Let’s break this pattern down:
- .* matches any number of characters before and after the pattern
- \(.\) captures any character in a group for later reference
- \1 matches the same character as captured in the previous group
Similarly, we can alter this pattern to work with a character that we specify:
$ grep '.*m\{2\}.*' lipsum.txt
Sed vestibulum volutpat ante, sed euismod mi commodo at.
Here, we’re looking for lines with words that have “mm” in them. In this case, it’s “commodo“. In the pattern, m\{2\} specifies that the character “m” should occur exactly two times consecutively. Therefore, we can change the number to specify the repetition count.
Moreover, we can also search for characters that repeat once or more than once, like “mm“, “mmm“, etc.:
$ grep '\(.\)\1\{1,\}' lipsum.txt
Sed vestibulum volutpat ante, sed euismod mi commodo at.
Pellentesque vel nulla nec massa semper tincidunt.
...
Here’s the breakdown:
- \(.\) captures any single character and saves it in a group for later reference
- \1 matches the same character as captured in the previous group
- \{1,\} specifies that the previous character should occur at least once or more times consecutively
In the examples above, we can see that we’re escaping the parenthesis and braces. It’s because they have special meanings when used unescaped. So, we need to escape them to treat them as literal characters.
On the other hand, it’s not true for ERE. We don’t need to escape the parenthesis and braces when using the -E flag with grep. Therefore, we can use them directly as literal characters without backslashes:
$ grep -E '(.)\1+' lipsum.txt
Sed vestibulum volutpat ante, sed euismod mi commodo at.
Pellentesque vel nulla nec massa semper tincidunt.
...
Here’s what happens:
- -E enables the ERE support for grep
- (.) in the pattern captures a single character
- \1+ matches one or more occurrences of the previously captured character
In the next section, we’ll explore another variant of grep that relies on ERE.
3.2. egrep
egrep is essentially the same as grep, but it enables the use of Extended Regular Expressions by default. For that reason, we don’t have to supply the -E option. So, examples given for grep work without escaping the curly braces and parenthesis.
Let’s see how we can find two consecutive characters in text using egrep:
$ egrep '.*(.)\1.*' lipsum.txt
Sed vestibulum volutpat ante, sed euismod mi commodo at.
Pellentesque vel nulla nec massa semper tincidunt.
...
As we can see, we don’t need to escape the parenthesis.

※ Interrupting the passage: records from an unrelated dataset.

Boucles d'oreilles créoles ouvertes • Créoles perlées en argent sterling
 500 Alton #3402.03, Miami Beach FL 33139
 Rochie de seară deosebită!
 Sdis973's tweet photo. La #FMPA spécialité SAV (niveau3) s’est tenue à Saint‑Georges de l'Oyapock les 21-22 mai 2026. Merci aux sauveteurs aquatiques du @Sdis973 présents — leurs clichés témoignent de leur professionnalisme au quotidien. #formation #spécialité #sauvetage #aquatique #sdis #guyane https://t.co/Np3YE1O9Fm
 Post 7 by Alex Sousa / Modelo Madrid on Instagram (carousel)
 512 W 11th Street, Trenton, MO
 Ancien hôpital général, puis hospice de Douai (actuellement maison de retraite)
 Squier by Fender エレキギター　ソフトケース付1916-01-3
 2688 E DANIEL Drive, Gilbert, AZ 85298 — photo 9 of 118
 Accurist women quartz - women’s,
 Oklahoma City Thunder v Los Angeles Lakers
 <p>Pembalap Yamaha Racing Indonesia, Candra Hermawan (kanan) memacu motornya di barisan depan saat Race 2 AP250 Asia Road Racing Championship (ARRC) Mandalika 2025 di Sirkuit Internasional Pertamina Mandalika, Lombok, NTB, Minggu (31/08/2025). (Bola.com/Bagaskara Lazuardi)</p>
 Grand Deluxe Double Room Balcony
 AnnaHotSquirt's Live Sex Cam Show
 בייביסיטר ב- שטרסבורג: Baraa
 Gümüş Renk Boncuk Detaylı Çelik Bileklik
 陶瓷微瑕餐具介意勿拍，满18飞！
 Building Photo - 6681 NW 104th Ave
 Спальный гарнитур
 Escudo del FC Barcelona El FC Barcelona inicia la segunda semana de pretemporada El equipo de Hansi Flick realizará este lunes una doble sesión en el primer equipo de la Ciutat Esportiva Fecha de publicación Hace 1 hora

In the same way, let’s use egrep to find words with exactly three consecutive characters:
$ egrep '(.)\1{2}' lipsum.txt
Obviously, we don’t have such words in the specified file. So, we’ll pipe some text that matches the pattern:
$ echo "HELLOOO\nWORLD" | egrep '(.)\1{2}'
HELLOOO
Similarly, for three or more characters, we can use the following pattern:
$ egrep '(.)\1{2,}' lipsum.txt
Here, we specify that the matched characters should be at least three or more in number. In the curly braces “*{2,}“, we can specify the range like “{2,10}*“.
4. Conclusion
In this article, we started by learning the basic differences between the BRE and ERE syntax. Then, we explored the different possibilities to find the words that contain n consecutive characters. For that purpose, we used the built-in grep and egrep utilities.